As places of activity of clinical laboratory physicians in national health insurance, there are committees of the Japan Medical Association and the Social Insurance Union of Societies Related to Internal Medicine. In 1996, additional management fee was approved due to the efforts of the then President Kinya Kono, and subsequently, fees were increased after every revision, markedly contributing to the income at the department of clinical laboratory in hospitals. Another activity of clinical laboratory physicians is work in the Social Insurance Union of Societies Related to Internal Medicine and that Related to Surgery toward the 2006 revision of medical insurance fees. The former union presented a request paper in cooperation with each scientific society for the revision of medical insurance fees, and clinical laboratory physicians played the central role in summarizing requests associated with laboratory tests. We describe the contents of the request paper for the 2006 revision of medical insurance fees presented by this union. In the previous revisions (2004), after the Ministry of Health, Labour, and Welfare counseled with the Japan Medical Association, the Central Social Insurance Medical Council made the final decisions. In the future, the power of the Ministry of Health Labour, and Welfare may increase. In activities of clinical laboratory physicians in medical insurance fees, clinical laboratory tests and physiological function tests should be evaluated according to each items, and the income/expenditure balance should be improved. In the 2006 revision of medical insurance fees, a marked reduction in medical costs for the increase in medical insurance for the elderly is expected. For this reduction, laboratory tests for which a reduction is easy may become targets. The government reported the principle that reimbursement in 2006 will be reduced by 2-5% to put the brakes on the rise in national medical costs due to the aging of society. The prospective payment system mainly by the diagnosis procedure combination (DPC) is performed mainly at university hospitals at present, and attention is paid to its future progress.

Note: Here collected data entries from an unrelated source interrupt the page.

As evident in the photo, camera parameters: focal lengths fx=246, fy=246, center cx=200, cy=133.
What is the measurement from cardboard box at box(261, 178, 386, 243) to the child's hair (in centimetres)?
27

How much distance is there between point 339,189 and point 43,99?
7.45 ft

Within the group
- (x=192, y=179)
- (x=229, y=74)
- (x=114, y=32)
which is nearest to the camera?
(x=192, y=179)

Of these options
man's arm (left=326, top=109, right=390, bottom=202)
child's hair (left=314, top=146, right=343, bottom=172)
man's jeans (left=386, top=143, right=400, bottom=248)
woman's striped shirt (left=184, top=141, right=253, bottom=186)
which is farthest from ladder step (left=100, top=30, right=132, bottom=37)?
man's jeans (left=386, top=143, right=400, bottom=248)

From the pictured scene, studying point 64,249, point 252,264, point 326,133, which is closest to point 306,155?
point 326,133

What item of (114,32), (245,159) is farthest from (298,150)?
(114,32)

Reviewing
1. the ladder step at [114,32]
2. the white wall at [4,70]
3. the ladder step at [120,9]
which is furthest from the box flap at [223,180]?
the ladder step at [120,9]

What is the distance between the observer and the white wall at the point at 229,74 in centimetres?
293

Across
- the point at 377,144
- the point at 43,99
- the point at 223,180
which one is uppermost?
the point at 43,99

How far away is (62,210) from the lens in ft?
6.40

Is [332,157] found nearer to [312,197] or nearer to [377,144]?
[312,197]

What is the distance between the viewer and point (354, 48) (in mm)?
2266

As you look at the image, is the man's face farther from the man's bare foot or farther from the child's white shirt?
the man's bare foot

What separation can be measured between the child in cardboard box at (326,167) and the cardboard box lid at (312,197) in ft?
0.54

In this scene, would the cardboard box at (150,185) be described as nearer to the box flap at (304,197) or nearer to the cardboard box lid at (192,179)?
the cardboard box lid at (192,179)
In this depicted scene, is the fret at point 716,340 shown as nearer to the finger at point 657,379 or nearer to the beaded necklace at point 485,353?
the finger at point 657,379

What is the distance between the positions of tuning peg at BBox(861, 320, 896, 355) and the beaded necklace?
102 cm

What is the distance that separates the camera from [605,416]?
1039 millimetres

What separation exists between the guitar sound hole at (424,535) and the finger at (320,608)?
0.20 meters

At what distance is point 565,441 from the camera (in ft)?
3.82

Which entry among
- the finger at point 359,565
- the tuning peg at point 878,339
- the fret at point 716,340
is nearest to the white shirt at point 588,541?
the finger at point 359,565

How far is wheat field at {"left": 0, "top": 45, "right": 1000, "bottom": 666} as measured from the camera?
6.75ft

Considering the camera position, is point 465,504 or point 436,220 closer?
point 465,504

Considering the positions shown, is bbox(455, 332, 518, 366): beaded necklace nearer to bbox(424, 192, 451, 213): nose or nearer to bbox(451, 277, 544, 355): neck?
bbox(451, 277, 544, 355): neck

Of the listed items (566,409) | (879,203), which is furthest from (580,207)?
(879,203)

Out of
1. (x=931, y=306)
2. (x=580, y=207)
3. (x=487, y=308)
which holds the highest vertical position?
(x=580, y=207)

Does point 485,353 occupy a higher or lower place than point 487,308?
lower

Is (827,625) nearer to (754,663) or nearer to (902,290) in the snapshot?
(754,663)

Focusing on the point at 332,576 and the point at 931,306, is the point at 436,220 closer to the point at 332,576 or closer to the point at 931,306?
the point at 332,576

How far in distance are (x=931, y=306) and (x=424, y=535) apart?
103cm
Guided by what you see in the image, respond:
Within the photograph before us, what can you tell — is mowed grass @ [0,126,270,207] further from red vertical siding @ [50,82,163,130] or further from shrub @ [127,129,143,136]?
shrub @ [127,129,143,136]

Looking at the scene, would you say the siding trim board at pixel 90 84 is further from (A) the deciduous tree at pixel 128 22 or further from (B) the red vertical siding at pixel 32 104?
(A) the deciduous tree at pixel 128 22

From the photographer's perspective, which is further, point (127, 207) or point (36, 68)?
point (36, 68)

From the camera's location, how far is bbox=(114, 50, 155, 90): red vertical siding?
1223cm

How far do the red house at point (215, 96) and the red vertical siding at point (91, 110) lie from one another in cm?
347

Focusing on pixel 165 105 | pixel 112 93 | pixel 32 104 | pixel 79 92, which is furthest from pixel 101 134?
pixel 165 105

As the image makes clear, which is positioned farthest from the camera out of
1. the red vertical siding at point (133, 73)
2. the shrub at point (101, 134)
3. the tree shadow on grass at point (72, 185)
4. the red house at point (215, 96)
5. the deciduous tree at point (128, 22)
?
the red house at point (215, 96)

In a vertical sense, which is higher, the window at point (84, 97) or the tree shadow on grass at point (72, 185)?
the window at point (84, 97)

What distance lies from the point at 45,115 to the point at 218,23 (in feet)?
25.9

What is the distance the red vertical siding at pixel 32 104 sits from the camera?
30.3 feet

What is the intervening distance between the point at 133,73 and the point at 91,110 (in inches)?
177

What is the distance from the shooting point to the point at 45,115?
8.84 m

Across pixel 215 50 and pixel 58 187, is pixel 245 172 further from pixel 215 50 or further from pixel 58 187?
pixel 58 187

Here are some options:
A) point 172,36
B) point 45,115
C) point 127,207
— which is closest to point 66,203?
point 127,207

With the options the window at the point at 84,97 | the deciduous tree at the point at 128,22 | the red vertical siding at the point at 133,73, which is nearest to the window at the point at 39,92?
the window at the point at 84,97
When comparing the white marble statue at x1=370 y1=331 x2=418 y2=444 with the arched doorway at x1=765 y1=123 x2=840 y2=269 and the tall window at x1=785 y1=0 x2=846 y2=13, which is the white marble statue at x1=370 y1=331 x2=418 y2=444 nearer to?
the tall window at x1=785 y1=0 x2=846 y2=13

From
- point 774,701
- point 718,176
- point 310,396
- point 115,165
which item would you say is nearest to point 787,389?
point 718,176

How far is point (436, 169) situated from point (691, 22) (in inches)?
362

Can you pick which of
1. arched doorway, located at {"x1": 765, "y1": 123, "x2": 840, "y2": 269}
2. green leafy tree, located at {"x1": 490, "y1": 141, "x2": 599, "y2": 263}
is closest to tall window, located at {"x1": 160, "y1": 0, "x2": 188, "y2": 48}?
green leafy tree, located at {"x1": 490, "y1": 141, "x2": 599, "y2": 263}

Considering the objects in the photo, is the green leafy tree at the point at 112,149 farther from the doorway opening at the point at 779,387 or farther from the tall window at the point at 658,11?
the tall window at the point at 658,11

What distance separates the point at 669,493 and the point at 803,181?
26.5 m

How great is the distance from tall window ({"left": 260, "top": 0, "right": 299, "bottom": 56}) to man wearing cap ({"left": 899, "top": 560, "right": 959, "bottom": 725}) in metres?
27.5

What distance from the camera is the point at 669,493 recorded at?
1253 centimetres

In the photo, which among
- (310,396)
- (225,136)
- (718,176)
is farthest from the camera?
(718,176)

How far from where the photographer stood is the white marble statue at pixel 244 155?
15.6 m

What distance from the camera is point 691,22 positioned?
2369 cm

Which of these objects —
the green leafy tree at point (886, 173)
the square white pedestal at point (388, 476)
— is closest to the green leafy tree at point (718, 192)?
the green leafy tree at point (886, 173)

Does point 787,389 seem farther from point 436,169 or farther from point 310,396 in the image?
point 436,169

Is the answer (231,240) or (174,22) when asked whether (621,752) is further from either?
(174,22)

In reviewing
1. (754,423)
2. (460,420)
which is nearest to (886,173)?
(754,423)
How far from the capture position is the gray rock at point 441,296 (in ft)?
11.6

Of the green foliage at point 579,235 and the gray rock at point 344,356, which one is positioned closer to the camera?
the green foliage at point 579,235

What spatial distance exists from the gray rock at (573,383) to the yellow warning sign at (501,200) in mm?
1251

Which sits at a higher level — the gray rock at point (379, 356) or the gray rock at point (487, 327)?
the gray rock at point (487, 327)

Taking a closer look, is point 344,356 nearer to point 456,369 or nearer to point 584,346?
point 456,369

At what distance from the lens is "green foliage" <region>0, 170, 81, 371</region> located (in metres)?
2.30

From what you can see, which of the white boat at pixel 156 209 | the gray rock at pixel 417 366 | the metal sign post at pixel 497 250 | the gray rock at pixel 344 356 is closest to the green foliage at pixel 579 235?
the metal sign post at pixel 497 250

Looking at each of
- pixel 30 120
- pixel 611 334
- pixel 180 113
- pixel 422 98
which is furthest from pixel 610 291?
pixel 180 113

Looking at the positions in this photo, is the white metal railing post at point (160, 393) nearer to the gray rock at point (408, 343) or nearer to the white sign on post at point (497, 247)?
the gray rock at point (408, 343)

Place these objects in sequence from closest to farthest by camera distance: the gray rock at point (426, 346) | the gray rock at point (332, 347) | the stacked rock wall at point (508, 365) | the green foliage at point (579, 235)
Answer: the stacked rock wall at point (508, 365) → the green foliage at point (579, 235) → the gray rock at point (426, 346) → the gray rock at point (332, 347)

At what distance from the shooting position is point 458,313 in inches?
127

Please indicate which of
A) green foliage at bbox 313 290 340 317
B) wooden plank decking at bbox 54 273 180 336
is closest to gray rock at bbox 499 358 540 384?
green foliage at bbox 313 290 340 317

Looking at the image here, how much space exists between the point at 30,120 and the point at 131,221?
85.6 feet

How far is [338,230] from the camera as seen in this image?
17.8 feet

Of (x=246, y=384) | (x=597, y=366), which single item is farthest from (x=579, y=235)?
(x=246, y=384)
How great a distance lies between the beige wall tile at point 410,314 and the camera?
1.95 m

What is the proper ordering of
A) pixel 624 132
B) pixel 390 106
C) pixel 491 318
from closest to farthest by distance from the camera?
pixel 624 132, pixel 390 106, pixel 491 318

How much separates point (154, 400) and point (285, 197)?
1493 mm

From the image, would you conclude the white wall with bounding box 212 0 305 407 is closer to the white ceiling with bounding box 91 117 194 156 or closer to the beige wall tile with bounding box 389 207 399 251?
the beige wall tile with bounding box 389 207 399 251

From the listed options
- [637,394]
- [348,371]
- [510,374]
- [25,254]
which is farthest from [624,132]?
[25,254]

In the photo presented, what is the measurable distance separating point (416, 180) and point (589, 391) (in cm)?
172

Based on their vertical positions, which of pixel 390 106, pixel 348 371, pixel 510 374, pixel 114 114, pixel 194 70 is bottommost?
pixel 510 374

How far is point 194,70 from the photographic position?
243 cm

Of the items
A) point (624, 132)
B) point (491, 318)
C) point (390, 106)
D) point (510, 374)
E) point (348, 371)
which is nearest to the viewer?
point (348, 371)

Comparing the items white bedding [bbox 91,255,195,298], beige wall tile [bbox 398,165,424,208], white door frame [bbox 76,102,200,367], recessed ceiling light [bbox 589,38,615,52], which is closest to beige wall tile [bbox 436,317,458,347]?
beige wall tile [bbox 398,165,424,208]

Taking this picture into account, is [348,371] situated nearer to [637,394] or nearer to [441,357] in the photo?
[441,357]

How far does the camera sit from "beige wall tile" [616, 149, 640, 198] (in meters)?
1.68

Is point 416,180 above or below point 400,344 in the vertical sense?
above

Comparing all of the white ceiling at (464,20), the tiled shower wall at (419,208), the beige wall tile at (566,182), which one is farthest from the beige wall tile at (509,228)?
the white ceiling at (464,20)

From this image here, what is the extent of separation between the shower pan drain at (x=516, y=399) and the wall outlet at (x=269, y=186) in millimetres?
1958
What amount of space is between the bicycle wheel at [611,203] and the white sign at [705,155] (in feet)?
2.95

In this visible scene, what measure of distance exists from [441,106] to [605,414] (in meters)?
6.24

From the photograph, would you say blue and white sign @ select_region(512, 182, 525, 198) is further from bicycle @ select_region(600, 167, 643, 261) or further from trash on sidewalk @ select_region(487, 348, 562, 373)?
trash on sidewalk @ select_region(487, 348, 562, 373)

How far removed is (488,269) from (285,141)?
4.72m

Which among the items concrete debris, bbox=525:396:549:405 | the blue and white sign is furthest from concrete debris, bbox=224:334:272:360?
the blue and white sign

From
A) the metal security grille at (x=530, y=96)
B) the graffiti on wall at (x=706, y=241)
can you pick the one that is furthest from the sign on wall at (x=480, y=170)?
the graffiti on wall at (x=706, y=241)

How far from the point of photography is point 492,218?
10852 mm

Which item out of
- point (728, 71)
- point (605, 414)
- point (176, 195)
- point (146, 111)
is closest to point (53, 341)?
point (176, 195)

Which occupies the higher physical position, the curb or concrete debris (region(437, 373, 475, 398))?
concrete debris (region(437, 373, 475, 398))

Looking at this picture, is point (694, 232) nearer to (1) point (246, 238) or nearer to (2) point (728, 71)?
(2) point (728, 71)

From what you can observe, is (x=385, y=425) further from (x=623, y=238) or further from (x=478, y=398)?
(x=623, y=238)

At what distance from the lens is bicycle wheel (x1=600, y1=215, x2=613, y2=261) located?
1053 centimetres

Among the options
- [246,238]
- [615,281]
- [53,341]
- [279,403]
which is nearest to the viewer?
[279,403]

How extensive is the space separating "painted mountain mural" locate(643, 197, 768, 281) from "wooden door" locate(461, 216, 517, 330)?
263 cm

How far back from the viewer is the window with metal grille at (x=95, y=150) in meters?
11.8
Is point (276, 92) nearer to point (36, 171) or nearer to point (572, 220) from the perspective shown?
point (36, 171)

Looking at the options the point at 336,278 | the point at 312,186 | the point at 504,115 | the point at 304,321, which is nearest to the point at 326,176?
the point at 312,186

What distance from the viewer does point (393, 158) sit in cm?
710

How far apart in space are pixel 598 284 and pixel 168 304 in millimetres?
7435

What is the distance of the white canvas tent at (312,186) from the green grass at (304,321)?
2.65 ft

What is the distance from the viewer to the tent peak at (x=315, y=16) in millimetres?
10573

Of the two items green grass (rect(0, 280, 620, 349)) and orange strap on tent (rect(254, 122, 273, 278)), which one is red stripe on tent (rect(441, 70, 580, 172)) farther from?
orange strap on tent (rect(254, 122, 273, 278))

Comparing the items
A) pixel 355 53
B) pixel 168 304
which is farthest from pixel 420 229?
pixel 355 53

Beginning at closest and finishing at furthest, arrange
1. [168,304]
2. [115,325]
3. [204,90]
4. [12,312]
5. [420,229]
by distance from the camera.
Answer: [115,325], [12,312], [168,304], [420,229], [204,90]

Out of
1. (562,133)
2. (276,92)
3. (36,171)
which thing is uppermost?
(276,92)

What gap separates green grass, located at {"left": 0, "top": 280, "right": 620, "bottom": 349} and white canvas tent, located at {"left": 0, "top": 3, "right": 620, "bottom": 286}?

作为临床检验医师在国民健康保险中的活动场所,有日本医师协会委员会和内科相关学会社会保险联合会。1996年,由于当时的会长河野公也的努力,批准了追加管理费,此后每次修订后费用都有所增加,对医院临床检验科室的收入有显著贡献。临床检验医师的另一项活动是在内科相关学会社会保险联合会和外科相关学会中,为2006年医疗保险费用修订开展工作。前一个联合会与各科学学会合作提交了医疗保险费用修订请求文件,临床检验医师在汇总与检验相关的请求方面发挥了核心作用。我们描述该联合会提交的2006年医疗保险费用修订请求文件的内容。在之前的修订(2004年)中,厚生劳动省与日本医师协会协商后,中央社会保险医疗委员会做出了最终决定。未来,厚生劳动省的权力可能会增强。在医疗保险费用方面临床检验医师的活动中,临床检验和生理功能检验应按各项目进行评估,并改善收支平衡。在2006年医疗保险费用修订中,预计因老年人医疗保险增加而医疗费用将大幅减少。对于这种减少,容易削减的检验可能会成为目标。政府报告了2006年报销将减少2 - 5%的原则,以抑制因社会老龄化导致的国家医疗费用上涨。目前主要按诊断程序组合(DPC)的前瞻性支付系统主要在大学医院实施,并关注其未来发展。